Consider non-linear 2nd-order PDEs, finite difference (FD), and Euler schemes. Let \(v^{t}_{\mathbf{i}} = v^{t}(x_\mathbf{i})\) be function value evaluated at grid point \(x_\mathbf{i} \in \hat{\mathcal{X}}\).

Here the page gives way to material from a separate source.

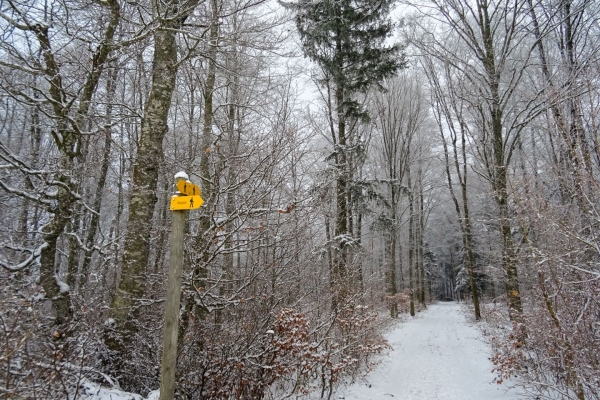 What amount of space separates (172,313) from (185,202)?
0.86 m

Then, a numerical scheme at node \(\mathbf{i}\) is an equation about all on-grid function values:
$$ F\left( v^{t+1}_{\mathbf{i}} ; \left\{ v^{t+1}_{\mathbf{j}} \right\}_{\mathbf{j}\neq\mathbf{i}} ; \left\{ v^{t}_{\mathbf{j}} \right\}_{\mathbf{j}} \right) = 0 $$where I hide the dependence on \(t,x_{\mathbf{i}}\) etc.

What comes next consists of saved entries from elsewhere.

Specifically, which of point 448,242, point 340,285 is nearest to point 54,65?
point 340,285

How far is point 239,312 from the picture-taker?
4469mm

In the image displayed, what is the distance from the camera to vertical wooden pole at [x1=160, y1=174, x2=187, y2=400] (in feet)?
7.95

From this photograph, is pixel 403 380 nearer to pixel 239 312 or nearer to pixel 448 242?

WLOG, let’s consider the following linear scheme2:
$$ F(\dots) = \alpha^{t+1}_{\mathbf{i}} \cdot v^{t+1}_{\mathbf{i}} + \sum_{\mathbf{j}\neq \mathbf{i}} \beta^{t+1}_{\mathbf{j}} \cdot v^{t+1}_{\mathbf{j}} + \sum_{\mathbf{j}} \gamma^{t}_{\mathbf{j}} \cdot v^{t}_{\mathbf{j}} = 0 $$where the coefficients \(\theta_{\mathbf{i}} := \left(\alpha^{t+1}_{\mathbf{i}}, \left\{ \beta^{t+1}_{\mathbf{j}} \right\}_{\mathbf{j}\neq \mathbf{i}} , \left\{ \gamma^{t}_{\mathbf{j}} \right\}_{\mathbf{j}} \right)\) can be real-valued functions.
In the setup, the monotonicity requires that for all \(\mathbf{i}\), either:
- \(\alpha^{t+1}_{\mathbf{i}} < 0\)
- \(\beta^{t+1}_{\mathbf{j}} \geq 0\) for all \(\mathbf{j}\neq \mathbf{i}\)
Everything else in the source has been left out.